-- Directions for this task --
Please transcribe the data that follows without the pictures, keeping every word the same.

-- Dataset section --
+++
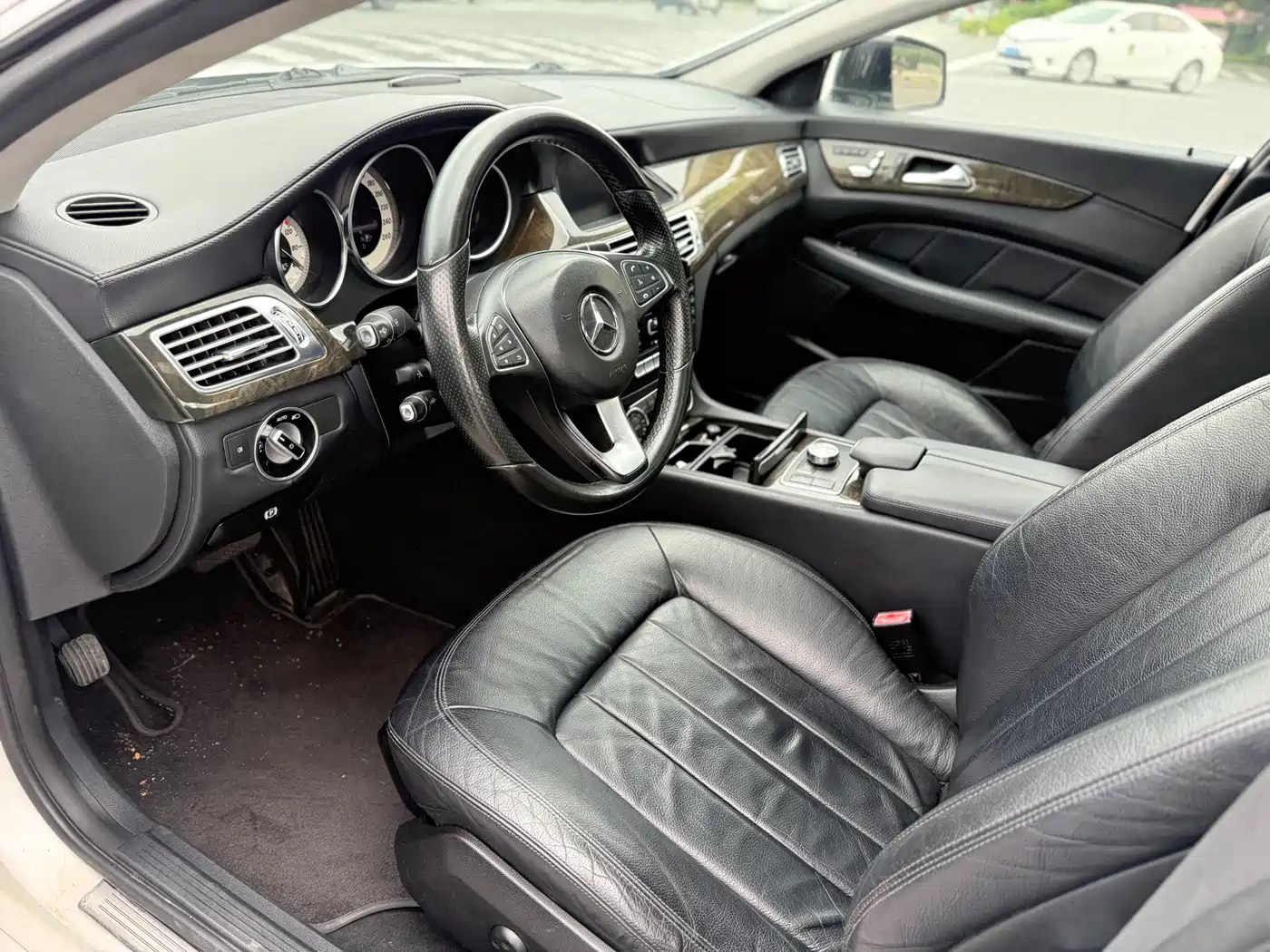 Mercedes-Benz CLS 2012 CLS 300 CGI фото 8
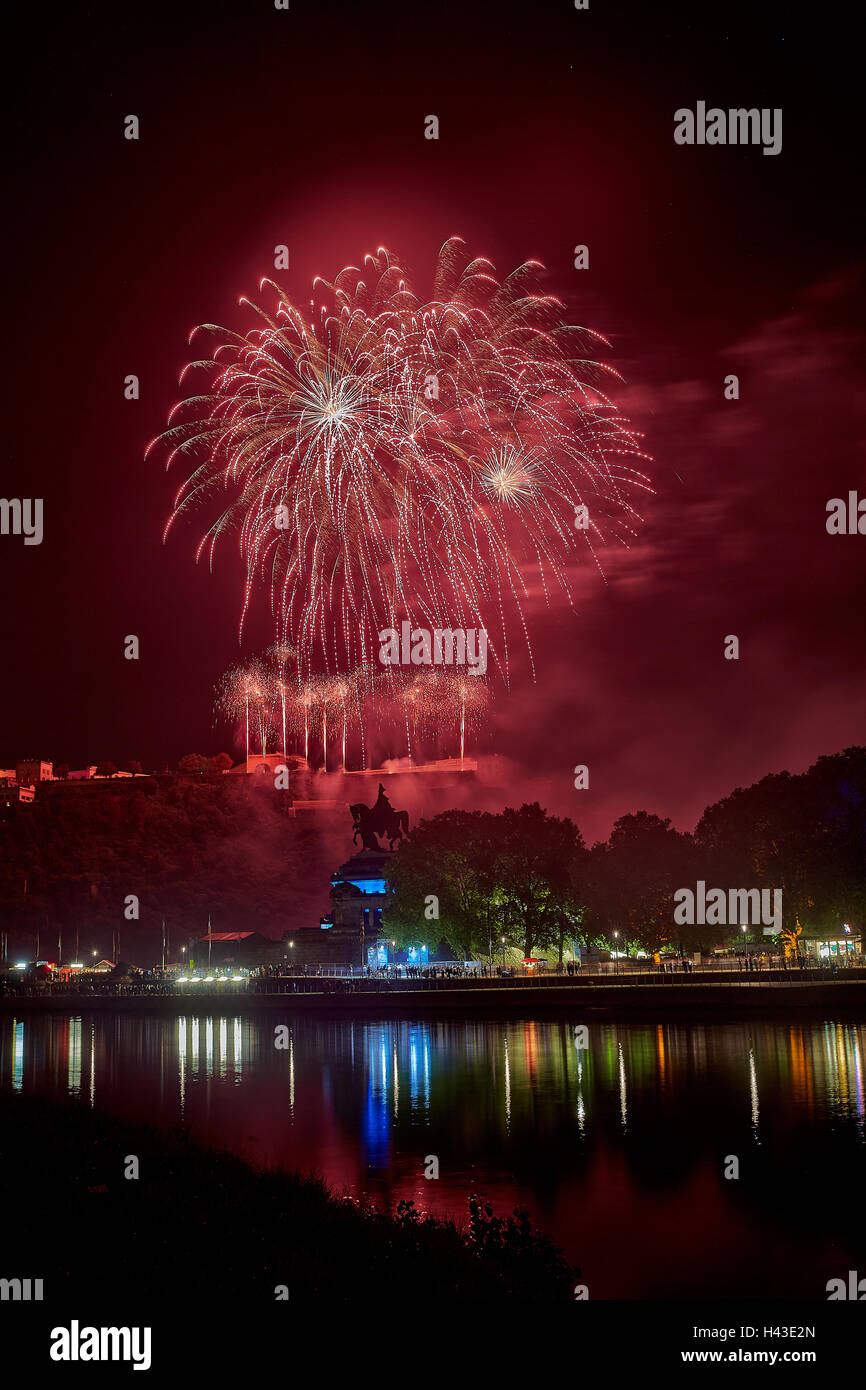 Coloratissimi fuochi d'artificio presso la fortezza Ehrenbreitstein, Coblenza Summer Festival, Rhein in Flammen, Reno in fiamme 2016, Deutsches Foto Stock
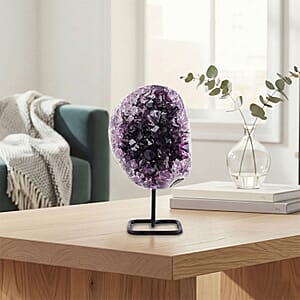 Amethyst on Stand -L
+++
-- Task output --
 Mercedes-Benz CLS 2012 CLS 300 CGI фото 8
 Coloratissimi fuochi d'artificio presso la fortezza Ehrenbreitstein, Coblenza Summer Festival, Rhein in Flammen, Reno in fiamme 2016, Deutsches Foto Stock
 Amethyst on Stand -L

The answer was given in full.